Sebab ternyata perusahaan itu telah mendapat izin Bupati Deli
Serdang untuk membuka tangkahan sendiri sepanjang 2 km di Sungai
Buaya itu. PT Kadi selanjutnya menyerahkan pelaksanaan
penambangan kepada PSH. Selain itu PT Kadi juga menunjuk PT Daya
Mitra membuka pabrik pemecah batu di Desa Paku. Dilengkapi mesin
pengeruk koral, pabnk itu mempekerjakan 15 orang.
Mula-mula 6 pengusaha lemah di Sungai Buaya itu tidak bereaksi
"karena tangkaban kami tidak diganggu," seperti kata Simanjuntak
salah seorang pengusaha lemah itu. Tapi sejak 1978 mereka resah.
Terutama karena perpanjangan izin usaha mereka ditolak. Dalam
Perda No. 4/1978 yang berhak mengeluarkan izin adalah gubernur.
Tapi tiba-tiba di sekitar beberapa tangkahan yang pernah
diberikan kepada penduduk terbaca pengumuman: areal itu akan
diserahkan kepada PSH. Segera ke enam pengusaha itu mengajukan
keberatan kepada gubernur. Kepada gubernur dilaporkan juga bahwa
sebagian batu koral itu dijual kepada perusahaan lain--tak
seluruhnya untuk membangun jalan proyek PT Kadi.

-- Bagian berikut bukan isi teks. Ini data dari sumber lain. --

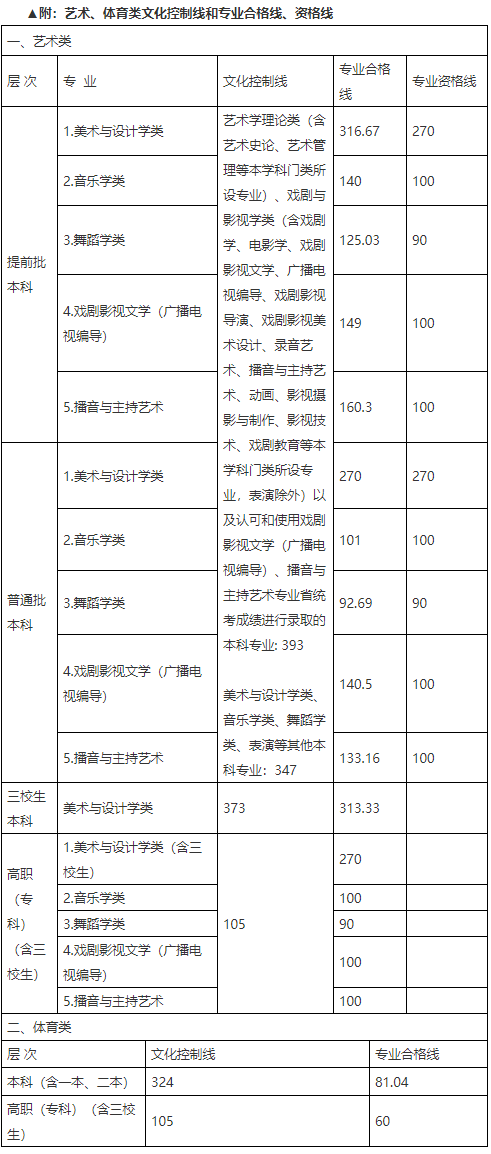2020九江职业技术学院艺术类分数线是多少分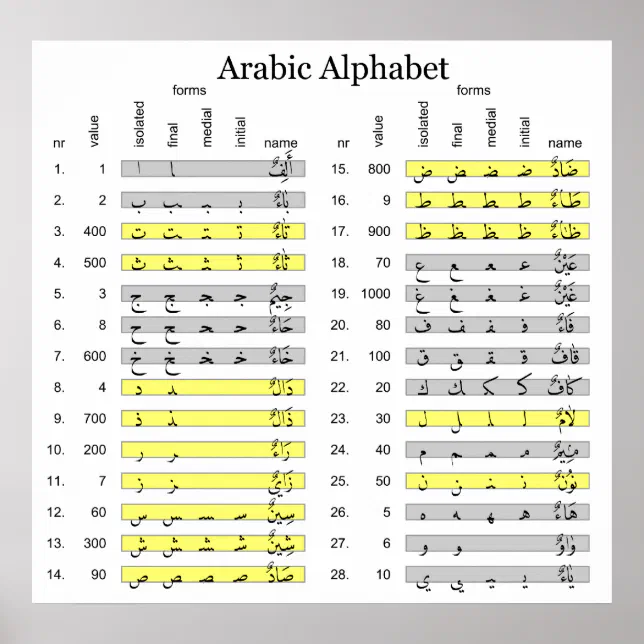 Poster Alfabeto Árabe com Gráfico de Valores Abjad Numéri | Zazzle Brasil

Awal 1979, malah keluar 4 SK Gubernur Sumatera Utara memberi
izin kepada PSH menguasai tangkaban sepanjang 20 km. Sekali lagi
6 pengusaha Sungai Buaya berusaha mengadu kepada Gubernur. Tapi
sampai 6 kali mereka gagal bertemu muka dengan EWP Tambunan.
Pengaduan ke DPRD Sumatera Utara pun tanpa hasil. Gubernur
memang ada menunjuk areal baru buat tangkaban para pengusaha
lemah tadi yaitu 5 km arah ke hulu. Tapi tak ada jalan ke sana
dan ditolak oleh ke-6 pengusaha itu.
Menakut-nakuti
"Tindakan pemerintah daerah itu tidak sesuai dengan Keppres 14
yang melindungi pengusaha lemah. Kalau memang butuh koral,
seharusnya PT Kadi membelinya dari kami," kata Haji Amir Siahaan
Ketua HlPLI (Himpunan Pengusaha Lemah Indonesia) Kabupaten Deli
Serdang.
Protes para pengusaha lemah itu tak urung menyulitkan PSH
menambang batu koral. Usaha pembangunan jalan menuju sungai juga
tak kunjung siap karena selalu dihadang penduduk. Akhirnya PT
Kadi minta bantuan POMABRI dari Medan untuk mengawal
pekerja-pekerja PSH. Para pengawal ini sempat meletuskan senjata
api beberapa kali di Sungai Buaya untuk menakut-nakuti penduduk
yang sedang mengorek koral.
Seminggu kemudian, awal Februari 80, belasan penduduk menyerbu
barak-barak PSH di seberang utara Sungai Buaya. Beberapa petugas
PSH cedera. Sebagai buntutnya pengawalan terhadap para petugas
PSH diperketat. Dan Asmain, seorang dari 6 pengusaha Sungai
Buaya, ditangkap.
Penduduk tetap bertahan. "Sampai titik darah terakhir, tangkahan
ini akan kami pertahankan," kata Amir Siahaan. Sejak itu sambil
mengorek koral, penduduk menyelitkan parang di pinggang. Tapi
tak lupa mereka juga mengadukan persoalan batu koral ini lewat
surat kepada Presiden Soeharto. Semula pekan lalu mereka akan
mengadukan hal itu pula kepada DPR-RI di Jakarta, tapi urung,
mungkin karena menduga jika lembaga itu sedang reses seperti
sekarang tak dapat menerima pengaduan rakyat.